GOAL OF THE EXERCISE> From the data below, set down exactly the lines between the one holding "Nikos Wall-Mounted Folding" and the one holding "Cylle - Poplin elastic dress I Pirate black", inclusive, and no others.

EXTRACTED DATA>
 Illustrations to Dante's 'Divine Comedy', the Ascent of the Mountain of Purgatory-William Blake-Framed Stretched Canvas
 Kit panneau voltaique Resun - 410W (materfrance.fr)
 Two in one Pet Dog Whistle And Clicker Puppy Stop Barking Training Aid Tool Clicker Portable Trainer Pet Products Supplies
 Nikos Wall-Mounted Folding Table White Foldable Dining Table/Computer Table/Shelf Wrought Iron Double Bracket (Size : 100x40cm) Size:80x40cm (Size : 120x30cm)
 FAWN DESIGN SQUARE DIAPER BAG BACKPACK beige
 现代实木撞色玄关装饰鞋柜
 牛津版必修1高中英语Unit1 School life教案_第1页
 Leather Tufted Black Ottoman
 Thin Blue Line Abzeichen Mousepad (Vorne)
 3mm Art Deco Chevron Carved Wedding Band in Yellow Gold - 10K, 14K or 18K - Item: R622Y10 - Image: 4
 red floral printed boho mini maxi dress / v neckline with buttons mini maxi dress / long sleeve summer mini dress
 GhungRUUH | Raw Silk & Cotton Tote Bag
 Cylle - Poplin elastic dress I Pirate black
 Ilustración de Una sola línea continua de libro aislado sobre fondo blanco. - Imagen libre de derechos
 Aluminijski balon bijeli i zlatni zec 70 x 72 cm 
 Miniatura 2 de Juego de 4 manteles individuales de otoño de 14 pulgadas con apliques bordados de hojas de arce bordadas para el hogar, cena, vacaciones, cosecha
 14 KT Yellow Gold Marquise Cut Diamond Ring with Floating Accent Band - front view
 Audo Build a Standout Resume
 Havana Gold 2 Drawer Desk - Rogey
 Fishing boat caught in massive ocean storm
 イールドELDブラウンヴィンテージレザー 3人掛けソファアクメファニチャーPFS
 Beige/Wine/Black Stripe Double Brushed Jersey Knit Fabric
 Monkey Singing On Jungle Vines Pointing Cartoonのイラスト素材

ANSWER TO THE PROBLEM>
 Nikos Wall-Mounted Folding Table White Foldable Dining Table/Computer Table/Shelf Wrought Iron Double Bracket (Size : 100x40cm) Size:80x40cm (Size : 120x30cm)
 FAWN DESIGN SQUARE DIAPER BAG BACKPACK beige
 现代实木撞色玄关装饰鞋柜
 牛津版必修1高中英语Unit1 School life教案_第1页
 Leather Tufted Black Ottoman
 Thin Blue Line Abzeichen Mousepad (Vorne)
 3mm Art Deco Chevron Carved Wedding Band in Yellow Gold - 10K, 14K or 18K - Item: R622Y10 - Image: 4
 red floral printed boho mini maxi dress / v neckline with buttons mini maxi dress / long sleeve summer mini dress
 GhungRUUH | Raw Silk & Cotton Tote Bag
 Cylle - Poplin elastic dress I Pirate black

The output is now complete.